▶ **About this task**
Everything from the line containing "Coloriage Attrape-rêves (Objets)" through the last line of the entries needs to be repeated exactly. Pictures must be left out.

——

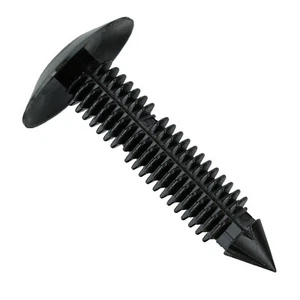 Retenedores de sello de capucha de nailon negros orificio 5/16"" - vástago de 1 7/16"" - cabeza de 3/4"" - paquete de 25 - Imagen 1 de 2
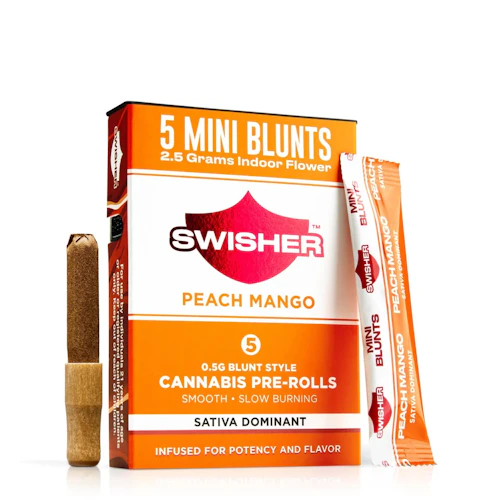 Swisher - 5-Pack .5g Infused Blunts - Peach Mango (S)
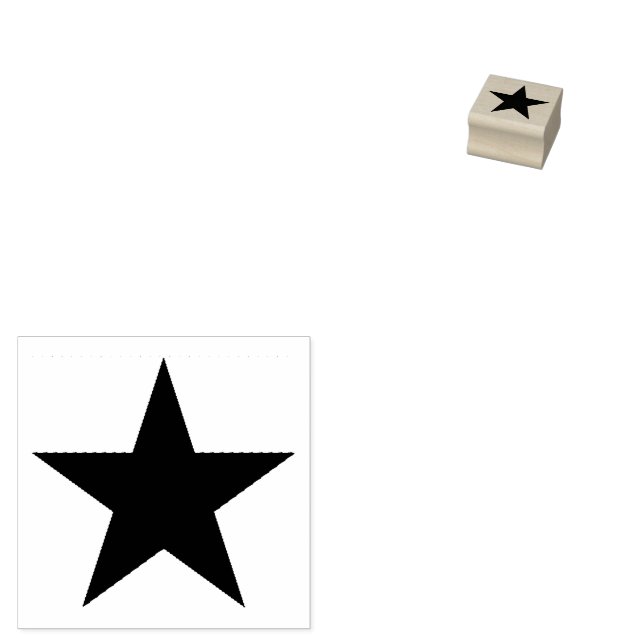 black Star Self-Inking Stamp (Stamped)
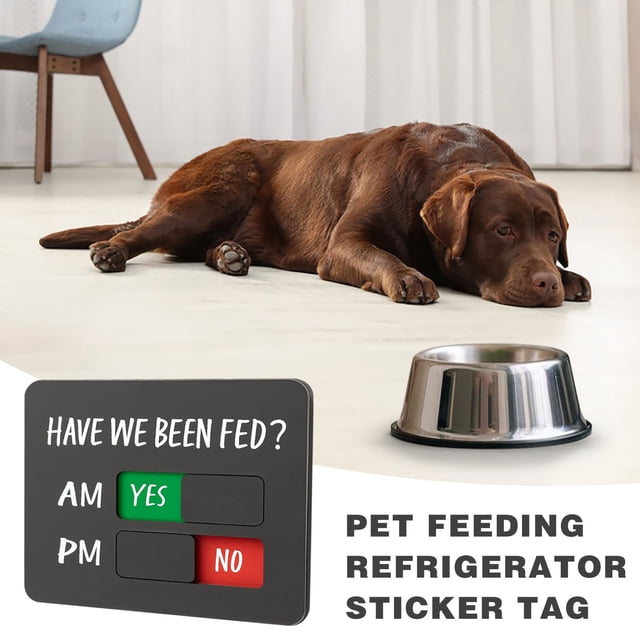 Aimant de Rappel pour Alimentation d'Animaux pour Réfrigérateur avec Indicateur « Yes No Slider » Construction en Acrylique 1 Pce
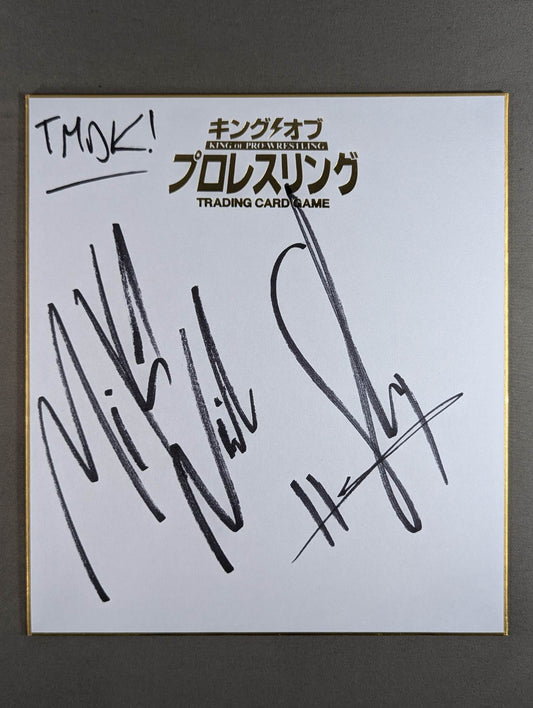 ★TMDK★ マイキー・ニコルス＆シェイン・ヘイスト(キングオブプロレスリング専用色紙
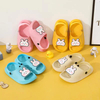 Summer Soft PVC Slippers Home Bottoming Indoor Non-slip Bath Slippers for Kids
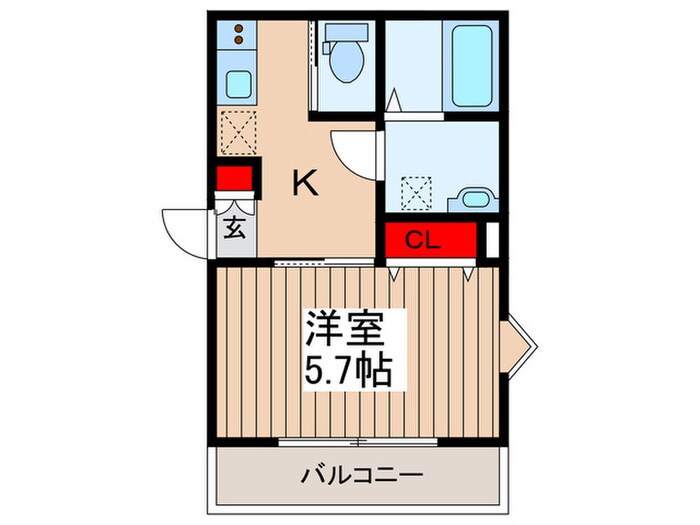物件間取画像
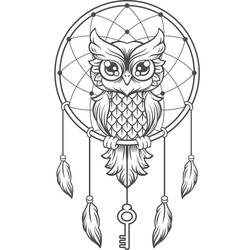 Coloriage Attrape-rêves (Objets) #207654 à imprimer et colorier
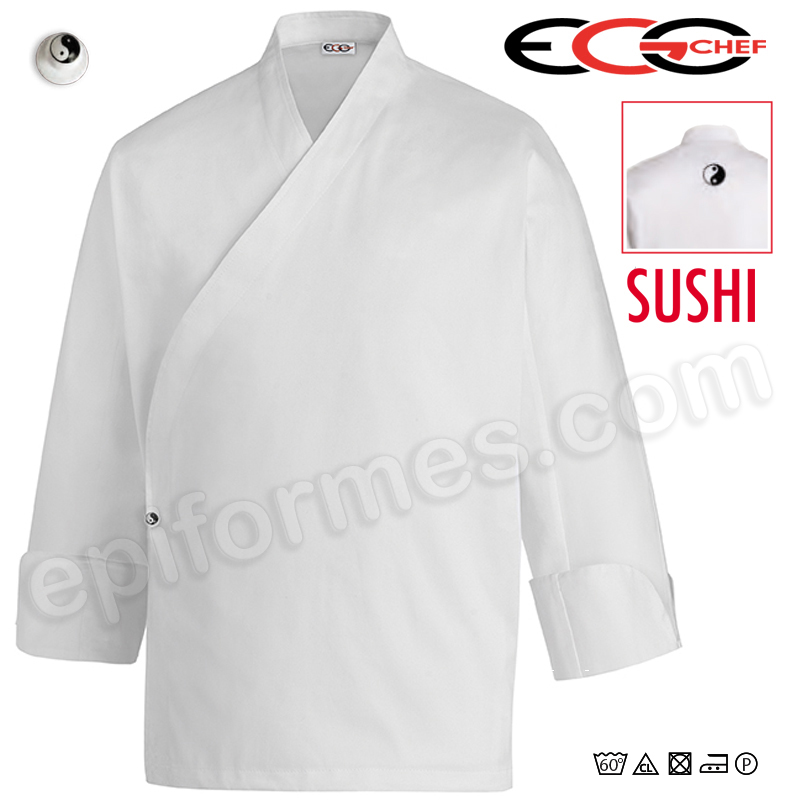 Chaqueta de Cocinero  Sushi white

——

▶ **Answer below**
 Coloriage Attrape-rêves (Objets) #207654 à imprimer et colorier
 Chaqueta de Cocinero  Sushi white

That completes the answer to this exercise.